Keep your mind occupied with positivity and don't dwell on the negatives.


Yes, do not blame yourself, remember a marriage is between two people-two different people. Try as you may that "other half" will never be you and the "other half" will do some of the damndest things. Look forward and don't spend alot of time trying to figure out what happened. I don't know you but the best of luck to you.

[Edited on 10-9-2012 by bacquito]

Thank you

M - 10-11-2012 at 11:09 AM

No woman going through this, has EVER been so blessed. You all, with your words, put vallue in my life again. Bless you, M

Quote:
Originally posted by shari
Michelle, thank you for sharing your pain... respect and gratitude on this day of Thanksgiving (for canucks anyway). The pain shall pass and you will surpass this tope...with the love of your friends and fellow nomads....onwards and upwards!!! I hope to meet you here in baja one day.

I shall piggy back on M's gratitude and extend mine to all my nomad amigos out there...thanks a billion kids for your friendship and love...now to a turkey spread at Nan & ZD's!

Neal, my REAL MAN<

M - 10-11-2012 at 11:17 AM

Quote:
Originally posted by Neal Johns
You are a winner, kid, don't ever forget it. Your joy for life made quite an impression on me. Those were good days - and I wish you many more!
Neal


How I regret my unfaithfulness to you. I should have listened.
I am assured though, despite the obviously bent lamentings of the FOLLOWING, W.I.W.'s, YOU ARE THE ONE! Old man, you, only you, can make my mind wiggle. YOU, ME and DURACELL, will rule forever!
My heart to you always! To your other, M, I DO respect your place my dear, but it is ONLY A MATER OF TIME'.
I CAN be gracious, just DON'T use him up, OK? It;s been a LONG time for me.....,
M

VOLCANO, I hope you live up to

M - 10-11-2012 at 11:21 AM

Quote:
Originally posted by volcano
Don't know you...but love your character...maybe one day we'll meet....I'm a newbie building for a few years out eastcape. best wishes for you. H


that fabulolus handle. I am glad to hear from you, and look forward to meeting you, as we shall.

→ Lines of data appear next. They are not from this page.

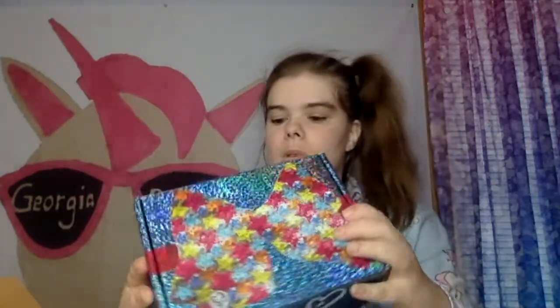This is a cute box. I'm guessing the bow is going to look something like that. So, let's open it.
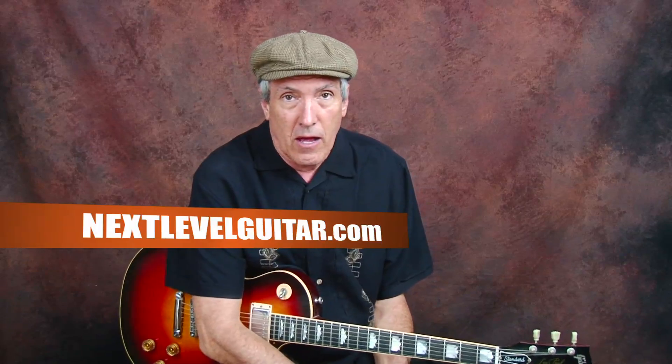Hi, this is Jeffrey Paul Ross for nextlevelguitar.com, continuing with our Inspired By series. Today we're going to work on a rock and roll lick that's based in the blues, popular in the mid-50s with various rockabilly performers.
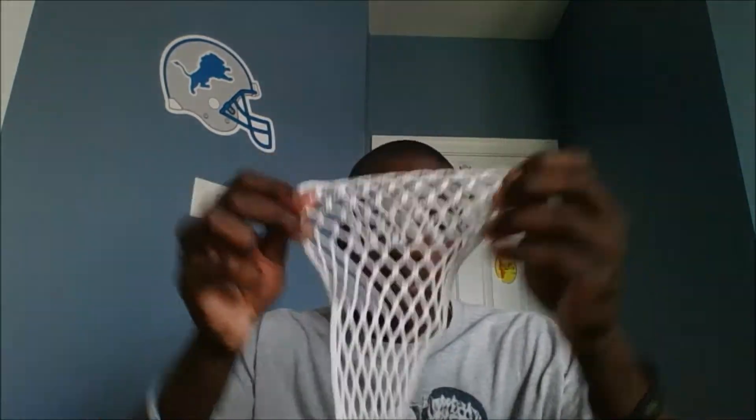This feels kind of like Hero Mesh off the bat, it stretches out nicely, nice and soft. This does have a latex coating, I believe, in it — definitely not as much as Magnum Mesh or anything. It feels like AC and Hero Mesh.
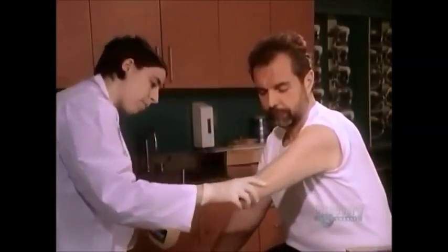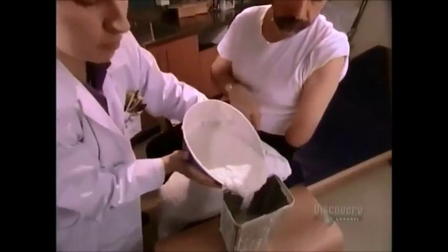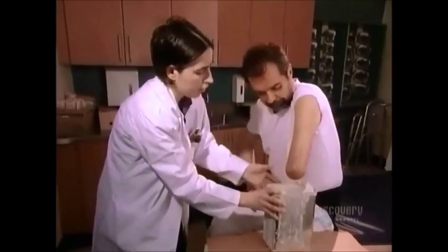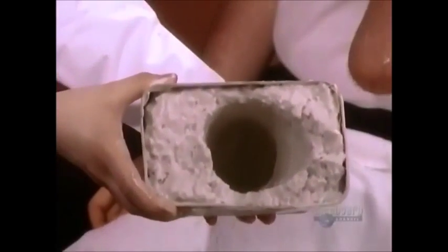They protect and lubricate the residual limb by coating it in petroleum jelly. Then they immerse it in algin, a gelatin-like substance that comes from algae. After about five minutes, they remove the residual limb. The algin has already begun to stiffen and maintain the limb's shape.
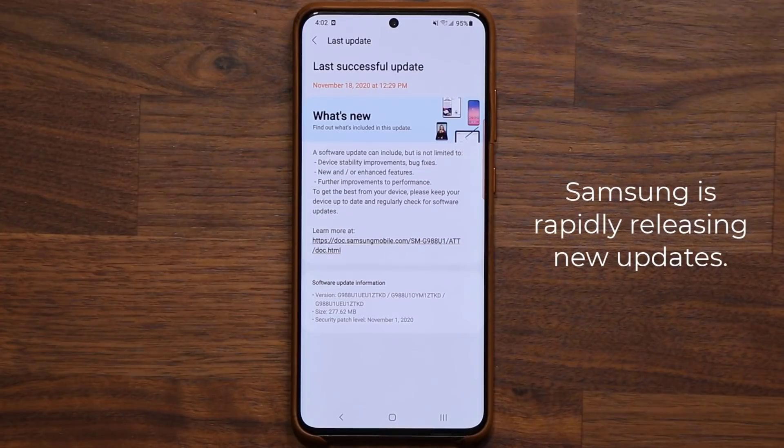Hey guys, Sok here from Sok E-Tech. In today's video, I'm going to be talking about brand new Samsung updates.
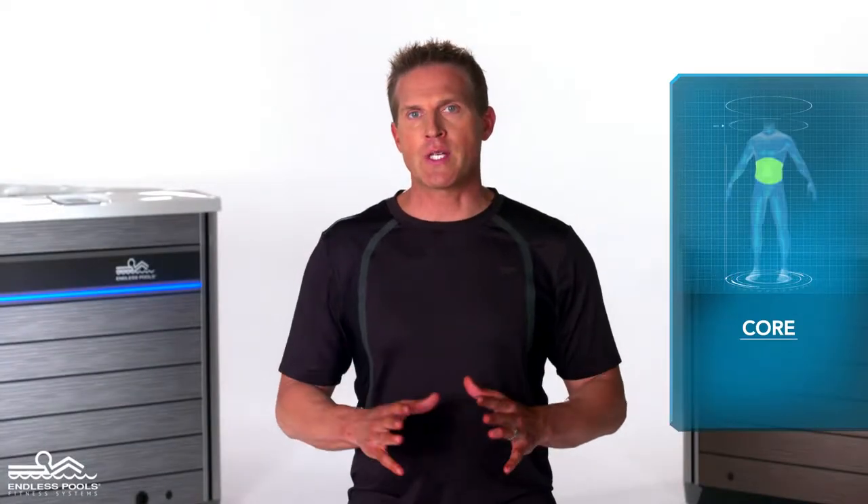This is a core focused exercise called core sweeps. To perform this exercise, you will only need hand paddles.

Someday, we all shall....I will see to that!
SO HUGE hugs to you,
M

You are so true and wise....

M - 10-11-2012 at 11:29 AM

Quote:
Originally posted by Skipjack Joe
Just wanted to share with you that I know what you're going through, M (M is for Michelle).

At first there is shock (about 2 months), then comes the anger which can go for quite a long time, and finally understanding. If you go back to the very beginnings you will see clues all along of why things went wrong. It's all there. We just choose to ignore them or tell ourselves they are insignificant because we don't want to believe them.

But at first it seems so incredible. I guess it takes time and distance to understand. That's how it was for me.

I think it's important to figure it out but not to dwell on it or obsess over it. Having company and/or creative projects really helps making this period easier. Talking to close friends takes a lot of pressure off. There is a great deal of self justification taking place that's part of the healing process right now. I remember thinking "I don't care if I'm right or wrong. Just listen and agree with me for now". You gotta get it all out.

BTW, this is a great time to find out who your real friends are. The ones who see both sides of the issue aren't real friends. They will eventually drop by the wayside. Those that feel your pain are the ones to hold on to. You'll see .....


I have done and felt, ALL of this. It is a good thing when Nomads can empty their guts to another, and rather than be judged as 'weak' or, 'a loser', they can be seen here, as human. I wish always to all on this board to feel safe as I feel now. In the past, there have been sad people, venting trheir hurts in the form of contempt and anger. I regret some outbursts I have said to some, but I am older, I hope wiser,...or...am I making a complegte ass of myself? who knows who will object to my honesty, but those that do? add some years, wait till your ripe, then come back. I think w2e will still be here.